You should take prompt action to correct the violations cited in this letter. Failure to promptly correct these violations may result in legal action without further notice, including, without limitation, seizure and injunction. 
 
Within fifteen working days of receipt of this letter, please notify this office in writing of the specific steps that you have taken to correct violations. Please include an explanation of each step being taken to prevent the recurrence of violations, as well as copies of related documentation. If you do not believe that the products discussed above are in violation of the FDCA, include your reasoning and any supporting information for our consideration. If you cannot complete corrective action within 15 working days, state the reason for the delay and the time within which you will complete the correction.
 
Your written notification should refer to the Warning Letter Number above (526405).

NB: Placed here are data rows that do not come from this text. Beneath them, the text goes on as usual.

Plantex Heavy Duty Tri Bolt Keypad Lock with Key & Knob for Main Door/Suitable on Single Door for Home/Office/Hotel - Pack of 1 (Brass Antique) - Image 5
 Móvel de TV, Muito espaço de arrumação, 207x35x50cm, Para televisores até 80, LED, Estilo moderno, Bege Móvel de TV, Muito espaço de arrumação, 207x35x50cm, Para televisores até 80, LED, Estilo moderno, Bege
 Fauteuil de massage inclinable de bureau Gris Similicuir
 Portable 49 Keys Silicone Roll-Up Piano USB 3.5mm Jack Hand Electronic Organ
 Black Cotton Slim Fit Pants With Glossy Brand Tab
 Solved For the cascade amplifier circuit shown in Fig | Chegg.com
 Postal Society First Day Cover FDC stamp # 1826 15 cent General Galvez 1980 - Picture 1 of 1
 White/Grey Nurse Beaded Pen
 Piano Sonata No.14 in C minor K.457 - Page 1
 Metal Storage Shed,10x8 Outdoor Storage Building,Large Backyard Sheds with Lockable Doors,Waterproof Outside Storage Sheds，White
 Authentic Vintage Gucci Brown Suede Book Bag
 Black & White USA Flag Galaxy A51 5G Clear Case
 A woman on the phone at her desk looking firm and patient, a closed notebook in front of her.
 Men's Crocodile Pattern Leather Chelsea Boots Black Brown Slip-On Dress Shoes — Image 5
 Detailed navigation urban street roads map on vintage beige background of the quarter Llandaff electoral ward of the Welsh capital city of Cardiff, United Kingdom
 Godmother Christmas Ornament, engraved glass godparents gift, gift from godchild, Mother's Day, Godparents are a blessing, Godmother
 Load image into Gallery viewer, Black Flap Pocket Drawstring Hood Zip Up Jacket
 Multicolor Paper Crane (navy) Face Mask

Please address your reply to:
 
CDR Steven E. Porter, Jr.
Director, Division of Pharmaceutical Quality Operations IV
United States Food and Drug Administration
19701 Fairchild
Irvine, California 92612-2506
 
If you have questions regarding the contents of this letter, please contact Maria P. Kelly-Doggett, Compliance Officer, via email to maria.kelly-doggett@fda.hhs.gov or by phone at (425) 302-0427 and reference unique identifier 526405.
 
Sincerely,
/S/ 
CDR Steven E. Porter, Jr.
Director, Division of Pharmaceutical Quality Operations IV
 


[1] See Pub. L. No. 113-54, § 102(a), 127 Stat. 587, 587-588 (2013).
[2] We remind you that there are conditions, other than those discussed in this letter, that must be satisfied to qualify for the exemptions in section 503B of the FDCA.
[3] Your compounded drug products are not exempted from the requirements of section 502(f)(1) of the FDCA by regulations issued by the FDA (see, e.g., 21 CFR 201.115).